For the sense of being which in calm hours rises, we know not how, in the soul, is not diverse from things, from space, from light, from time, from man, but one with them, and proceeds obviously from the same source whence their life and being also proceed.
— Ralph Waldo Emerson, Self-Reliance

I recently wrote a post about finding purpose and discussed ways I began to discover who I was and what I wanted. It has been rewarding to hone in but I’m learning that’s just the beginning. Now that I have the what, my focus is on the how. How do I express myself and bring my desires into being? There are dozens of books on the subject of goal setting, effective execution, etc. and I will likely get to those subjects in time. For now, I’d like to talk about an important step I had to take even before I could do any of that.

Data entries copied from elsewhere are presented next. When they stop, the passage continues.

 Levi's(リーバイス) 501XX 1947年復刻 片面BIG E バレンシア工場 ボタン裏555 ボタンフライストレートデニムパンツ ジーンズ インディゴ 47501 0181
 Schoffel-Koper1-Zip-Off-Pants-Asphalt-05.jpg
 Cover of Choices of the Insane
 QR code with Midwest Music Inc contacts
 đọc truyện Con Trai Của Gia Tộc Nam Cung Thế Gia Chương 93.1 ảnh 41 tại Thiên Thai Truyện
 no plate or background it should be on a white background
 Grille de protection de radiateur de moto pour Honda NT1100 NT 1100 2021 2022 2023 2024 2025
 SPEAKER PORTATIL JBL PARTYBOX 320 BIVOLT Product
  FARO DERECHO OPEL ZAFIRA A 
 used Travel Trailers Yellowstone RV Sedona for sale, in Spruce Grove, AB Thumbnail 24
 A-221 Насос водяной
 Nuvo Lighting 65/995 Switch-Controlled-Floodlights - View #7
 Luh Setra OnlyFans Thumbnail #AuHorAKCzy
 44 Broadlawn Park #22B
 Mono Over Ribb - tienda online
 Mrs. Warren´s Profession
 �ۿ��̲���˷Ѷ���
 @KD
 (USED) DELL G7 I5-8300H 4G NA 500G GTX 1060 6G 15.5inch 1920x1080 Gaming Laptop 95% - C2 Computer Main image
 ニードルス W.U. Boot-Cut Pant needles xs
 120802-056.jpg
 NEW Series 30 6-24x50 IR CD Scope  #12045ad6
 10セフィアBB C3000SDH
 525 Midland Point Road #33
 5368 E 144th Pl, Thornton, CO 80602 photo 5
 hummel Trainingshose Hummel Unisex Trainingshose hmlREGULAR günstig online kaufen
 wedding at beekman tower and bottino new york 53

I had to figure out how to hear myself. What was true? Should I follow my gut reaction? Was that intuition or something else? I had to learn to listen and I don’t mean the kind of listening you do with earbuds. I mean listening to your whole being with every resource you can bring to bear until you are intimate with yourself…every second, every minute, every hour, every day. That’s the goal. Idealistic? Sure. Impossible? I wouldn’t be striving for it if I thought so. I’m coming to recognize my voice and I gotta tell ya – it ain’t the voice that tells me what I should be doing to avoid being afraid, or the voice that over-analyses everything trying to prove nothing will work, or the voice that encourages me to chase what is logical but certainly not aligned with me. The more I recognize myself, the more I begin to trust me and the more confident I am in acting on my truth. I listen. I listen to what’s in my heart-space and here are a few of my go-to methods for doing it:

  • Meditation and quiet moments. No-brainer, right? I went about meditation a bit differently from the way I’d heard it was done. When I first began, I didn’t try to shut my brain up. Instead, I tried to hear what was going on up there. It helped me recognize mind chatter and allowed me to become much more familiar with my thought patterns. Shortly thereafter, I was able to more easily see actual insights. These days the latter is what I’m after, along with much needed peace, but if I have a restless morning, I don’t berate myself. I figure it’s just my mind needing some attention so I simply listen as I did when I first began. Check out Calm if you’re interested in starting a practice.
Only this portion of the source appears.